ISSUE 1


An Equal Music — Vikram Seth

This book was given to me by my friend Doane Perry, drummer with Jethro Tull. He felt it was the only novel he knew that captured what it is really like to be a musician. The main characters are classical musicians, mainly playing chamber music, but Doane was right — Vikram Seth seems to have done an immense amount of research into the subject, from a technical point of view as well as the all-too-rare descriptions of the human experience of playing music for a living, with passion, and yet amid the real-life dynamics of bandmates and everyday concerns.

From the opening pages until the ending, I was totally spellbound by this book, the kind of reading delight that is over too fast. It is a love story with just enough tragedy and heartbreak, but a remarkable amount of music history, and skilfully painted backgrounds of London, Vienna, and Venice.


   

Blinding Light Paul Theroux

Coincidentally, this is another novel by an author I first came to know through his travel books. In Vikram Seth’s case, From Heaven Lake, about traveling in western China and Tibet, and in Theroux’s case — well, too many to list. I’ll just say that he is the closest writer I can think of to my own “ideal,” both as writer and traveler, and it almost seems as though he is underrated because of his prolificness, and the consistent quality of his books, both non-fiction and fiction.

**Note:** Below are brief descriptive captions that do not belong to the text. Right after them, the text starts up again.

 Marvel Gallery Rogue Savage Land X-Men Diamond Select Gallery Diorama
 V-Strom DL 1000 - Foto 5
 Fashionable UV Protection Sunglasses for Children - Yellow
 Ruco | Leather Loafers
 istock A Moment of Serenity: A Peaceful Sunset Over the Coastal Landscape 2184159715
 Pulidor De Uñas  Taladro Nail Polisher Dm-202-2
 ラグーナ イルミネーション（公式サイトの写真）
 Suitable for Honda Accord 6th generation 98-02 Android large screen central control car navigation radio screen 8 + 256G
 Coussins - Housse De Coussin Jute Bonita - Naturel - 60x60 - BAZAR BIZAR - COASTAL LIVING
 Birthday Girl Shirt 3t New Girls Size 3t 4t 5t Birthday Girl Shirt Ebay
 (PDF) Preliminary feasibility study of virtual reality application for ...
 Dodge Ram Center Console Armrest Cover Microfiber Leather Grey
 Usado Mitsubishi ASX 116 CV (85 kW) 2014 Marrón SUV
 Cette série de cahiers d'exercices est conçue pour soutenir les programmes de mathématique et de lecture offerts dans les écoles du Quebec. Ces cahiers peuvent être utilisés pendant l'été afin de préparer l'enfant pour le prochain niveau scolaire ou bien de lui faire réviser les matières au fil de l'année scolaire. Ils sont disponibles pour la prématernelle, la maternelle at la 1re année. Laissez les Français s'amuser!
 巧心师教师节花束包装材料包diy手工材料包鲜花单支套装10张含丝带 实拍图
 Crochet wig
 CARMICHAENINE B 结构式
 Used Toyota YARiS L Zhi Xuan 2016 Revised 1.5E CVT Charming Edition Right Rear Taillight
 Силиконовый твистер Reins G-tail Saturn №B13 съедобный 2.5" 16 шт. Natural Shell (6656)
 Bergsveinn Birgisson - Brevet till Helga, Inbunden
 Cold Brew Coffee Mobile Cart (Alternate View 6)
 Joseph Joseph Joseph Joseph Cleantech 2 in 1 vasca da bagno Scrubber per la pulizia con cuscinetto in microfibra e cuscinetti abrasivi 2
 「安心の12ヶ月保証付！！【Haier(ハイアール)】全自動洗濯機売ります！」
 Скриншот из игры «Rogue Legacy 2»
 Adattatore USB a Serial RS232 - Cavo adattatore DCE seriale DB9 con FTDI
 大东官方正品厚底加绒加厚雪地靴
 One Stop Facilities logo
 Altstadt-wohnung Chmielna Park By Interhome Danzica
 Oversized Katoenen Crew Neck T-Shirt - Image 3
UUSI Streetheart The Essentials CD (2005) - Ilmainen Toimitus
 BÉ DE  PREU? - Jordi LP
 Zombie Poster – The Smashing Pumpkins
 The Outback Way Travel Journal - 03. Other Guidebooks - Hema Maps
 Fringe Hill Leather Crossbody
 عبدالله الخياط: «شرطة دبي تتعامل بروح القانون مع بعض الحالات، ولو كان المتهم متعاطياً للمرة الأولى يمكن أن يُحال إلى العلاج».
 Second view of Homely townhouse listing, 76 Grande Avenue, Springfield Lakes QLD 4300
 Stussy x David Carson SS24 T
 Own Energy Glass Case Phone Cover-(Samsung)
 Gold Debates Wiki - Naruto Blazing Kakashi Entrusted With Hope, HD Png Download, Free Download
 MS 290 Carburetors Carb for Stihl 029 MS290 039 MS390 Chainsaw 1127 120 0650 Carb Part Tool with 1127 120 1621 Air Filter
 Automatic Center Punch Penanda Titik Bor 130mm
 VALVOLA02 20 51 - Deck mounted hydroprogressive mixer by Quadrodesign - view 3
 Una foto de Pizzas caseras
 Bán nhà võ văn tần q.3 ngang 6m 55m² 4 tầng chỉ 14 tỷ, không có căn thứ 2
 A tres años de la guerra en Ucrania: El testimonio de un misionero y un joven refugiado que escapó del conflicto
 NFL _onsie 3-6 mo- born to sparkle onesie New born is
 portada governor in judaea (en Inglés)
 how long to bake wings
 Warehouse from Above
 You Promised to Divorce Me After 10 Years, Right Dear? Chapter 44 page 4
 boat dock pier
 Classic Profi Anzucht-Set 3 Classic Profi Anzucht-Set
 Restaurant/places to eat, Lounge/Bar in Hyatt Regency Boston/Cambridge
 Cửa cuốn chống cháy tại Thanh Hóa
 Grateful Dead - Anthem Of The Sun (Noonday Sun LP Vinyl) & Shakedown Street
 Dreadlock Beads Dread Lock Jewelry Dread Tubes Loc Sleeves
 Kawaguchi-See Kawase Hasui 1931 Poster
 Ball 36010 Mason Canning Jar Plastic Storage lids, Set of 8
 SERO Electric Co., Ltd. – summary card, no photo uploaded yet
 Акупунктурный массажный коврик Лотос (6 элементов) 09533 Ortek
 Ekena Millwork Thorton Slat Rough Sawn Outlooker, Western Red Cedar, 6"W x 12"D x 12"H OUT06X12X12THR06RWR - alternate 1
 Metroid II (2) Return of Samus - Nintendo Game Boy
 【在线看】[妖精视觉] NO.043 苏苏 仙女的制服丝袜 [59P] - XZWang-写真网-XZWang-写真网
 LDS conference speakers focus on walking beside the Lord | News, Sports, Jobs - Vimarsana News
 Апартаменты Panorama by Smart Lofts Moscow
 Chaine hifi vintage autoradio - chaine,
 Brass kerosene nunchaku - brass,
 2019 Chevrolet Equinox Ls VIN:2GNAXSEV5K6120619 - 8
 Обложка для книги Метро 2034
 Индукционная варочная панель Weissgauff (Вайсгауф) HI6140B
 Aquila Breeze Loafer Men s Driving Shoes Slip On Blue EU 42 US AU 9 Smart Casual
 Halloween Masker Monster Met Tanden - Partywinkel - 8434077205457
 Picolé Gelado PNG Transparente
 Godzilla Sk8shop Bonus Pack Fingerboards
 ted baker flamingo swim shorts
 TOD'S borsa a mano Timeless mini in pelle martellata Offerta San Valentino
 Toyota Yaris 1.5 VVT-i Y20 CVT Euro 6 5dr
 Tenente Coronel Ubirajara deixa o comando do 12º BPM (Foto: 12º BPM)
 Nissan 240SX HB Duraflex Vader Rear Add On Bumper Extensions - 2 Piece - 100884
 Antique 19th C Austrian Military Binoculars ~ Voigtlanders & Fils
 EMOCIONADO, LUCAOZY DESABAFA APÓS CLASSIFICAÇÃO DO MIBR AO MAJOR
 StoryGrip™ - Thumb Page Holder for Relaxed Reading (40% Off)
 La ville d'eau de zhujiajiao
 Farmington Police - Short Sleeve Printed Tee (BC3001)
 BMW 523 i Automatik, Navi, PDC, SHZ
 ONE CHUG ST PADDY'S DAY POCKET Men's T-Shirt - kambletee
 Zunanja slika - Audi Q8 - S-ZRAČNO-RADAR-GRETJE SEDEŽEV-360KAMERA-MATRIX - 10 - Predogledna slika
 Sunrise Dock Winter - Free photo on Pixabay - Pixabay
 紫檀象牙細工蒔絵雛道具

Of his novels, he is best known for The Mosquito Coast, but I also admired Millroy the Magician and O-Zone, among others — all as widely different in theme and genre as could be imagined, from social satire to magic-realistcomedy to futuristic “speculative fiction.” Then there are his experimental blendings of fact and fiction, My Secret History and My Other Life.

Blinding Light is different once again, the tale of a blocked writer who travels to Ecuador on a “drug tour,” and finds more than he ever imagined. Drinking a foul brown tea brewed from a rare and mysterious plant gives him supernatural insight, and also makes him very high. However, it has one side effect: it makes him temporarily blind.

Justin terms of writing skill, Theroux delivers a tour-de-force masterpiece, though again, one that might easily be underrated. Perhaps the two most difficult experiences to capture in literary prose are making love and taking drugs, and he describes these two universes repeatedly, in ever-changing lyrical flights, staying just this side of psychedelia and pornography, while graphically describing his character’s extremes of experience in both “fields.”


So You Want to Be a Rock and Roll Star — Jacob Slichter

I read a review of this book somewhere, and it made me curious: a memoir by a drummer about his experiences in the music business, subtitled “How I Machine-Gunned a Roomful of Record Executives, and Other True Tales From a Drummer’s Life.”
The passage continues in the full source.